Slurm Job Monitoring FAQ
Frequently asked questions about monitoring jobs, understanding job states, and checking cluster status.
Quick Links
- How do I check my job status?
- What do job states mean?
- Why is my job pending?
- How do I see detailed job information?
- How do I check completed job information?
- How do I check job efficiency?
- How do I check cluster availability?
- How do I see node details?
- What QOS and accounts can I use?
- How do I cancel jobs?
- Can I modify a pending job?
How do I check my job status?
Use squeue to view your jobs:
$ squeue -u $USER JOBID PARTITION NAME USER ST TIME NODES NODELIST(REASON) 123456 compute analysis unityID R 2:15:30 1 c001n01 123457 compute preprocess unityID PD 0:00 1 (Priority)
Key columns:
- JOBID - Unique job identifier
- ST - Job state (R=running, PD=pending)
- TIME - Elapsed time for running jobs
- NODELIST(REASON) - Node assignment or pending reason
Show more details
squeue -u $USER -l
Show only running jobs
squeue -u $USER -t RUNNING
Show only pending jobs
squeue -u $USER -t PENDING
What do job states mean?
| State | Code | Description |
|---|---|---|
| PENDING | PD | Waiting for resources or dependencies |
| RUNNING | R | Currently executing |
| COMPLETING | CG | Finishing up (epilog running) |
| COMPLETED | CD | Finished successfully (exit code 0) |
| FAILED | F | Finished with non-zero exit code |
| TIMEOUT | TO | Exceeded time limit |
| CANCELLED | CA | Cancelled by user or admin |
| NODE_FAIL | NF | Node failure during execution |
| OUT_OF_MEMORY | OOM | Exceeded memory limit |
Why is my job pending?
The REASON column in squeue output explains why:
| Reason | Meaning | Action |
|---|---|---|
| Priority | Other jobs have higher priority | Wait, or use short QOS for small jobs |
| Resources | Waiting for requested resources to become available | Wait, or reduce resource request |
| QOSMaxCpuPerUserLimit | You've hit your CPU limit for this QOS | Wait for running jobs to finish |
| QOSMaxJobsPerUserLimit | You've hit your job count limit | Wait for running jobs to finish |
| Dependency | Waiting for dependent job to complete | Wait for dependency to resolve |
| PartitionNodeLimit | Requesting more nodes than partition allows | Reduce node count |
| PartitionTimeLimit | Requested time exceeds partition limit | Reduce time or use different QOS |
| ReqNodeNotAvail | Required nodes are down or reserved | Remove constraint or wait |
| AssocGrpCPURunMinutesLimit | Account has used allocation | Contact HPC support |
See Job Priority and Fairshare for details on how job priority is calculated.
Get detailed pending reason
squeue -j JOBID -o "%.18i %.9P %.8j %.8u %.2t %.10M %.6D %R"
Estimate start time
squeue -j JOBID --start
How do I see detailed job information?
The sj helper prints a concise summary of a job's resource request and key metadata — partition, QOS, node/task/CPU counts, memory, GPU request, constraints, time limit, and submit/start/end times.
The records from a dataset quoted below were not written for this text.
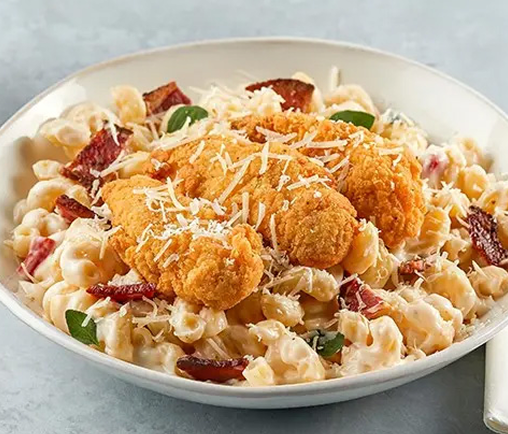 A bowl of macaroni and cheese topped with fried chicken tenders and grated parmesan cheese
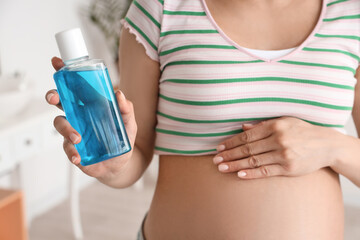 Sticker - Young pregnant woman with mouth rinse in white bathroom, closeup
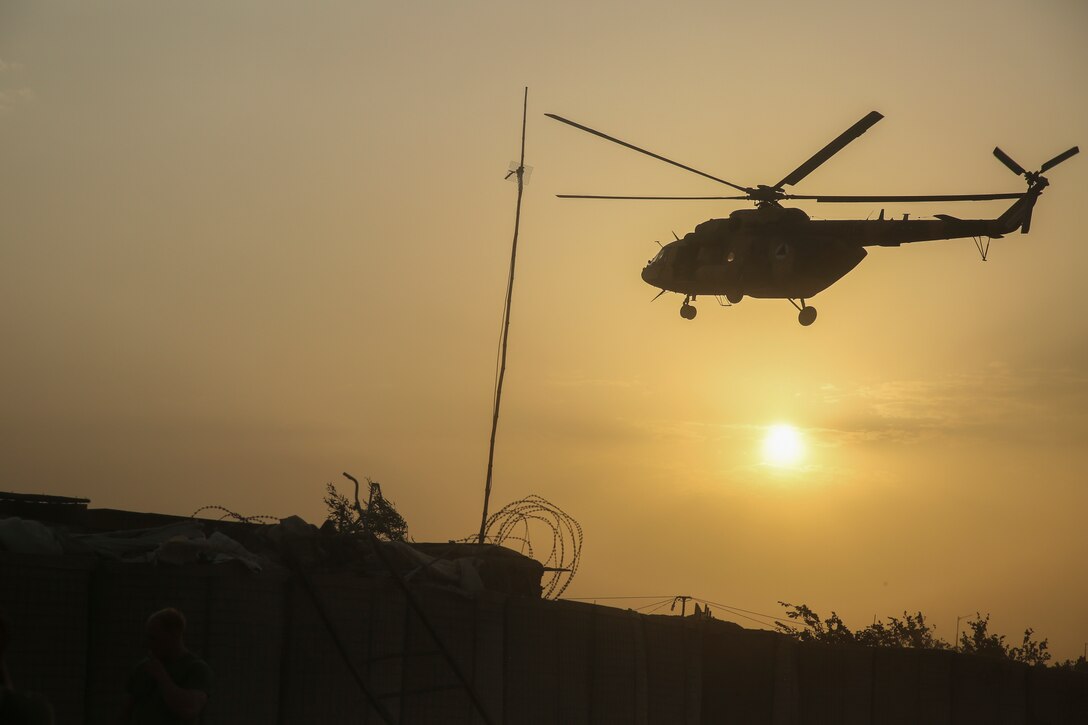An Afghan MI-17 helicopter flies over Camp Shorserack, Afghanistan to deliver supplies to Afghan National Army 215th Corps soldiers July 15, 2017. Elements of the Afghan National Defense and Security Forces, including the 215th Corps and 505th Zone National Police, cleared the Nawa district center of insurgents during Operation Maiwand Four, improving security and stability while also helping to establish governance in the area. (U.S. Marine Corps photo by Sgt. Lucas Hopkins)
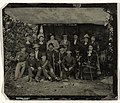 Portrait of a group of sixteen men and women on a hiking trip under makeshift stilted cloths, USA, c. 1890–1915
It reads the job from the controller while it is pending, running, or recently completed, and falls back to the accounting database for older jobs.
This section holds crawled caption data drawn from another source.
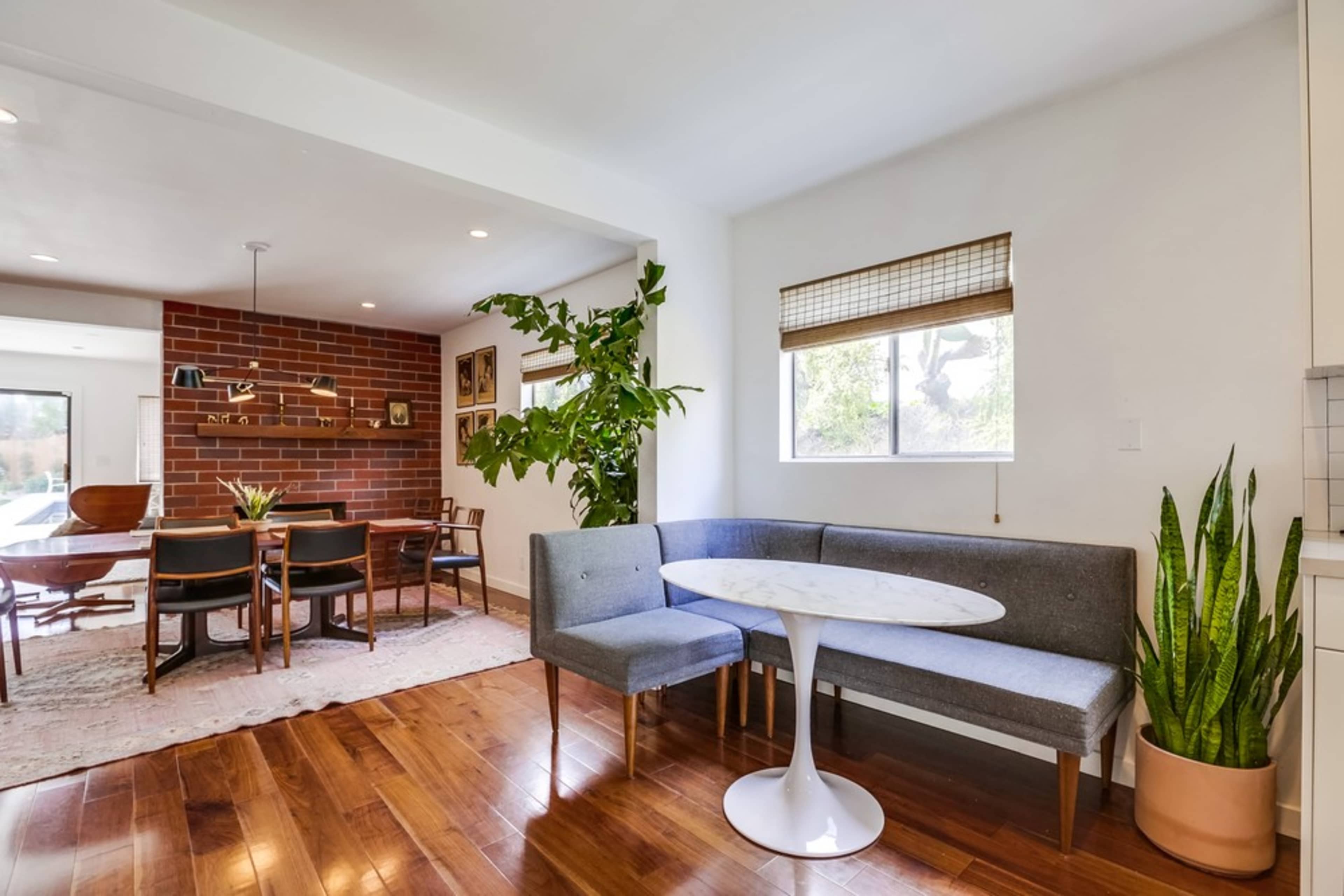 A modern dining area features a round table with a white top and a gray upholstered bench surrounded by houseplants and hardwood floors.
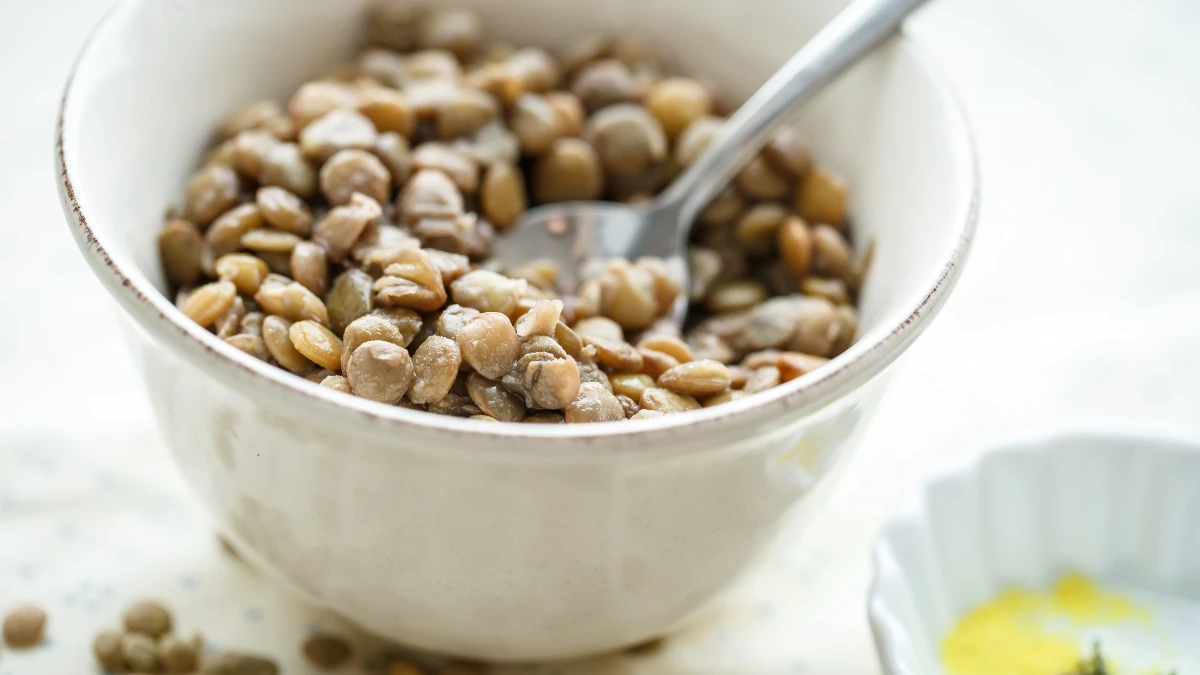 Sticky fermented soy natto beans served in a ceramic bowl, providing Vitamin K2 to support skeletal health.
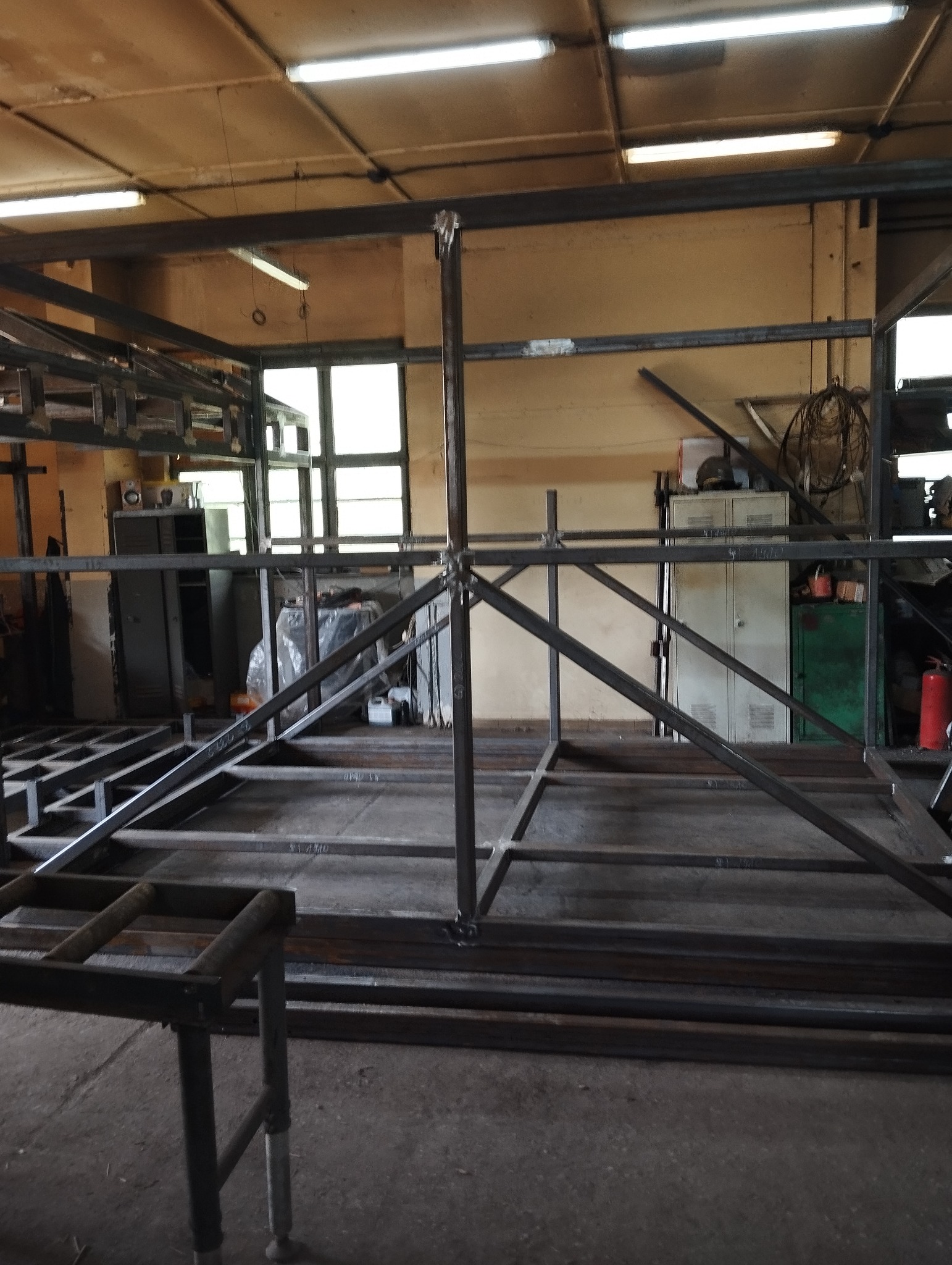 Konstrukcja metalowa spawana w warsztacie, widoczne spawy, profile stalowe tworzące szkielet, w tle okna i wyposażenie warsztatu.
sj JOBID # request + state for a job sj JOBID_7 # an array task element
For the complete record (working directory, command, environment, every parameter), use scontrol show job:
scontrol show job JOBID
This shows all job parameters including:
- Submit time and start time
- Requested resources (CPUs, memory, time)
- Node assignment
- Working directory and command
- Environment variables
How do I check completed job information?
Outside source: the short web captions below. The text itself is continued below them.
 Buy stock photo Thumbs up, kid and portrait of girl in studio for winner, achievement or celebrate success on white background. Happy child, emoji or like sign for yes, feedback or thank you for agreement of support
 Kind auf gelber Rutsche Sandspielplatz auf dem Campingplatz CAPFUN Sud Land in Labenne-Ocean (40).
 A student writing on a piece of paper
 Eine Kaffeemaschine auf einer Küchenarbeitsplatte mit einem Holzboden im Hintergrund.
Use sacct to view completed jobs:
# Jobs from today sacct # Specific job sacct -j JOBID # Jobs from last 7 days sacct --starttime=$(date -d '7 days ago' +%Y-%m-%d)
Useful output formats
# Show elapsed time and exit status sacct -j JOBID --format=JobID,JobName,Elapsed,State,ExitCode # Show resource usage sacct -j JOBID --format=JobID,JobName,MaxRSS,MaxVMSize,CPUTime,Elapsed
Common sacct fields
| Field | Description |
|---|---|
| Elapsed | Actual runtime |
| CPUTime | Total CPU time (cores × time) |
| MaxRSS | Maximum memory used |
| MaxVMSize | Maximum virtual memory |
| State | Final job state |
| ExitCode | Exit code (0 = success) |
| ReqMem | Requested memory |
| ReqCPUS | Requested CPUs |
How do I check job efficiency?
Use seff for a quick efficiency report:
$ seff JOBID Job ID: 123456 Cluster: cluster User/Group: unityID/users State: COMPLETED (exit code 0) Cores: 8 CPU Utilized: 06:45:23 CPU Efficiency: 84.42% of 08:00:00 core-walltime Memory Utilized: 12.5 GB Memory Efficiency: 78.12% of 16.00 GB
Low CPU efficiency may indicate:
- Requesting more cores than the code can use
- I/O bottlenecks
- Load imbalance in parallel code
Low memory efficiency means you could request less memory.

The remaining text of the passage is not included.